De vez em quando, experimentamos uma estória fraca que esbanja diálogos surpreendentemente bons. Todos nós já aguentamos estórias mal contadas com diálogos horríveis, mas raramente encontramos uma estória contada de modo excelente arruinada por diálogo vagabundo. E a razão é simples: narrativa de qualidade inspira diálogo de qualidade.
Como uma febre alucinante, diálogo ruim é o aviso de uma infecção apodrecida nas profundezas da estória. Mas como escritores inexperientes com frequência confundem o sintoma com a doença, eles tentam tratar as cenas reescrevendo obsessivamente o diálogo, achando que uma vez que a fala esteja correta, a narrativa será curada. Mas as enfermidades de personagem e acontecimento não podem ser curadas alterando o diálogo com paráfrases um rascunho após o outro.

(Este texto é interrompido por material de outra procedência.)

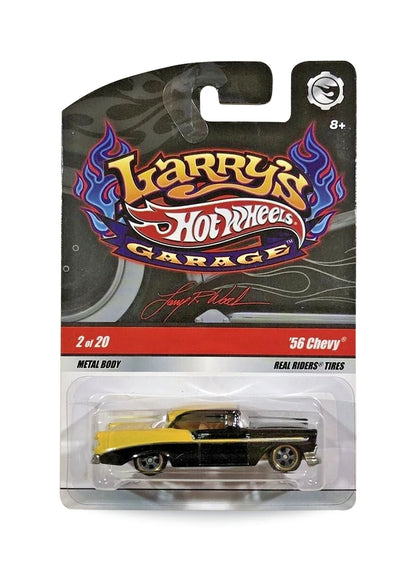 Hot Wheels Larry's Garage 2009 Chevrolet '56 Chevy 1:64 – Black & Yellow
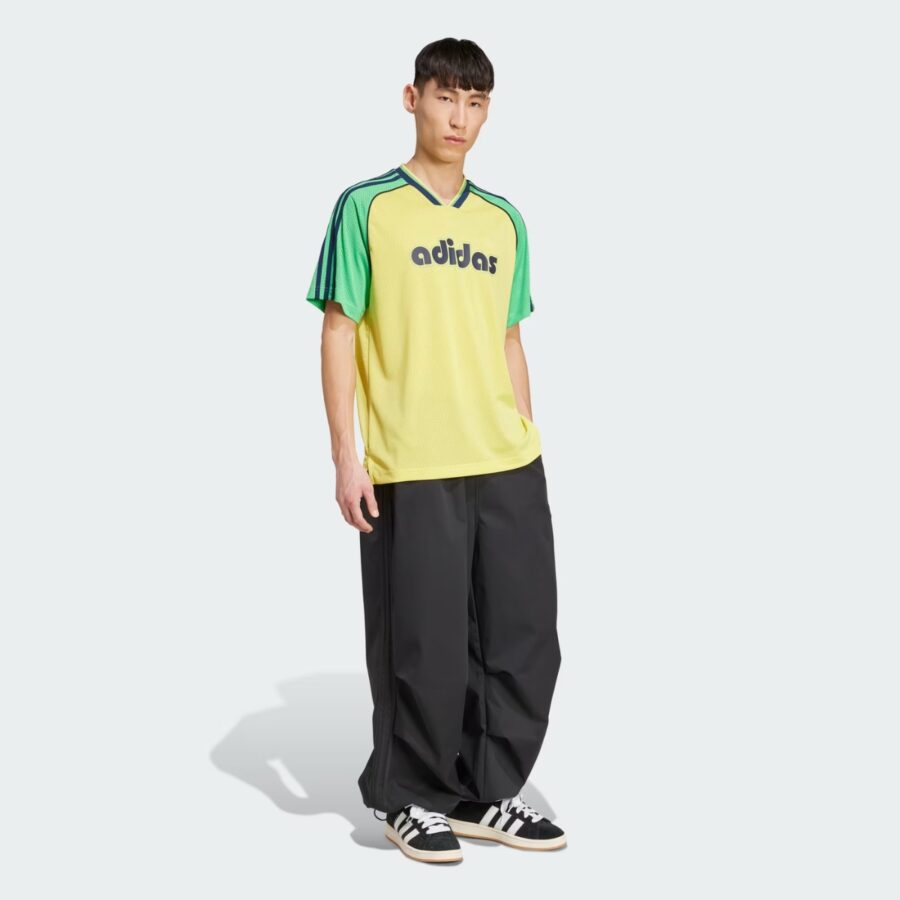 bộ quần áo adidas jersey 'yellow black' jd0813/ jc8386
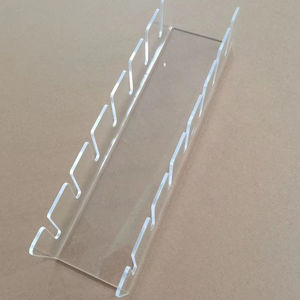 Soporte de Acrílico en Forma de U para Gorras de Béisbol, Venta al por Mayor, Sin Necesidad de Instalación, Capacidad para hasta 14 Gorras, Color Negro/Transparente - Product Image 6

Para colocar da forma mais clara possível: até que você saiba do que está falando, você não pode saber como suas personagens estão falando. A ordem na qual você cria os componentes de sua estória e como você junta todas as partes é uma decisão sua. Mas não importa quão confuso seja o processo criativo, um autor precisa ter conhecimento absoluto de forma (concepção de eventos e de elenco) e conteúdo (substância cultural, histórica e psicológica) para embasar a narrativa de cima para baixo, para criar diálogo de dentro para fora. Diálogo é o último passo, a cereja do bolo sobre camadas e camadas de subtexto.
Portanto, antes de examinar a concepção do diálogo, vamos revisar os componentes básicos do design da estória.
INCIDENTE INCITANTE
Na abertura da estória, a vida da personagem central se encontra em um estado de relativo equilíbrio. Ela tem seus altos e baixos. Quem não tem? Entretanto, o protagonista tem relativa soberania sobre sua própria existência – até que algo acontece que perturba radicalmente este equilíbrio. Chamamos esse acontecimento de incidente incitante.

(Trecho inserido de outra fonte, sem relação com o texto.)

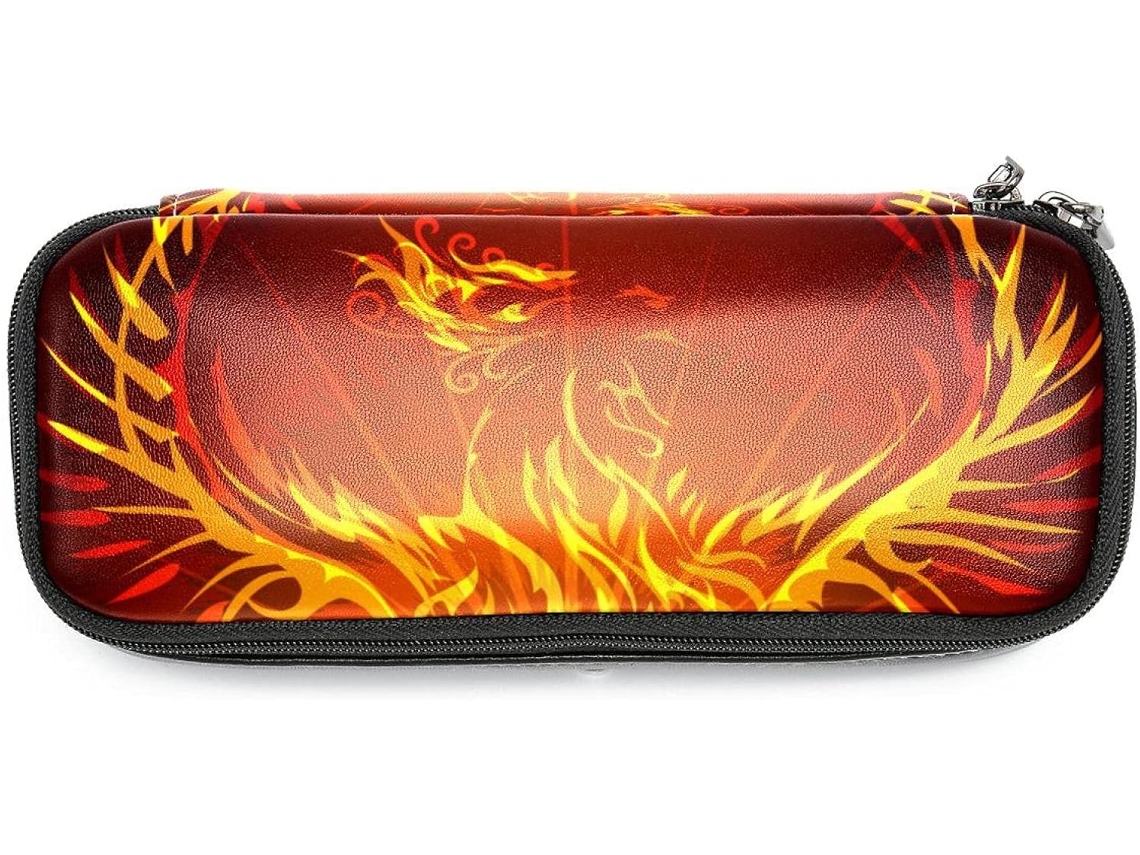 Este é um organizador de canetas, maquiagem e marcadores da Chama Format, de grande capacidade, ideal para escola e mesa.
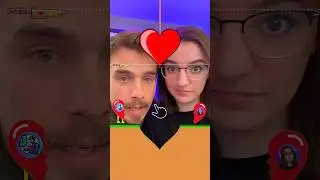 Разрежьте сердце, чтобы воссоединиться со своей любовью ❤️ #челлендж #игра #пара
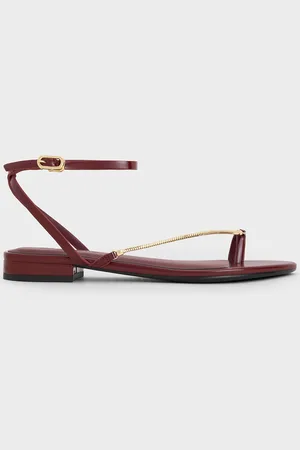 CHARLES & KEITH Chain-Strap Toe-Ring Sandals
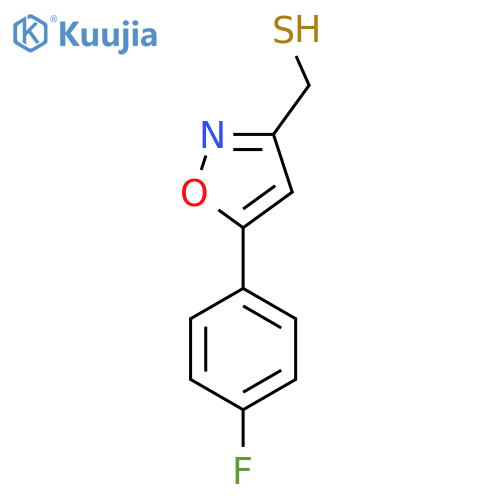 5-(4-fluorophenyl)-1,2-oxazol-3-ylmethanethiol structure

Incitar significa iniciar; “incidente” significa “acontecimento”. Esse primeiro acontecimento relevante inicia a estória deixando a vida do protagonista fora do prumo. O incidente incitante pode ocorrer por uma decisão própria (ele decide largar o emprego e abrir seu próprio negócio) ou por coincidência (um raio atinge sua loja e ele perde seu negócio). O incidente incitante pode mover sua vida poderosamente para o lado positivo (ele inventa um produto novo e genial) ou negativo (uma empresa rival rouba sua invenção). O incidente incitante pode ser um acontecimento social gigantesco (sua corporação vai à falência) ou um acontecimento interno discreto (ele descobre que detesta seu emprego do fundo do coração).¹
VALORES DA ESTÓRIA
O impacto do incidente incitante muda de maneira decisiva a carga dos valores em jogo na vida da personagem. Os valores da estória são binários de cargas positivas e negativas, como vida/morte, coragem/covardia, verdade/mentira, significância/insignificância, maturidade/imaturidade, esperança/desespero, justiça/injustiça, por exemplo. Uma estória pode incorporar qualquer número, variedade e possíveis combinações de valores da estória, mas ancora seu conteúdo em um valor fundamental insubstituível.

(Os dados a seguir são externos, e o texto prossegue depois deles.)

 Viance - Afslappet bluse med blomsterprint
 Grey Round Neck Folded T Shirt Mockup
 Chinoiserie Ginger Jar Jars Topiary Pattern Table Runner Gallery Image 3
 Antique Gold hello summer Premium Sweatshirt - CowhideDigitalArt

O valor fundamental é insubstituível porque determina a natureza fundamental da estória. Muda-se o valor fundamental, muda-se o gênero. Por exemplo, se um escritor retira amor/ódio da vida de suas personagens e substitui por moralidade/imoralidade, essa mudança de valores fundamentais mudaria o gênero de uma estória de amor para uma trama de redenção.
Os valores nas cenas podem ser bastante complexos, mas, no mínimo, cada cena deve conter pelo menos um valor da estória em disputa na vida da personagem. Esse valor ou se relaciona ou é idêntico ao valor fundamental da estória. Uma cena pode começar com seu(s) valor(es) em uma carga puramente positiva, puramente negativa ou uma mistura de ambos. Através de conflitos e/ou revelações, a carga de valor da abertura muda. Pode reverter (positivo para negativo, negativo para positivo), intensificar (positivo para duplamente positivo, negativo para duplamente negativo) ou amainar (puramente positivo para levemente positivo, puramente negativo para levemente negativo). O momento preciso no qual a carga de um ou de mais valores muda é o ponto de virada da cena. Portanto, um acontecimento da estória ocorre no instante que um valor em questão na cena muda de carga.²
O COMPLEXO DO DESEJO
Todo mundo quer ter uma soberania razoável sobre sua existência. Ao deixar a vida fora de equilíbrio, o incidente incitante desperta o desejo humano natural de restaurar o equilíbrio. Em essência, portanto, todas as estórias dramatizam a luta humana para mover a vida do caos para a ordem, do desequilíbrio para o equilíbrio.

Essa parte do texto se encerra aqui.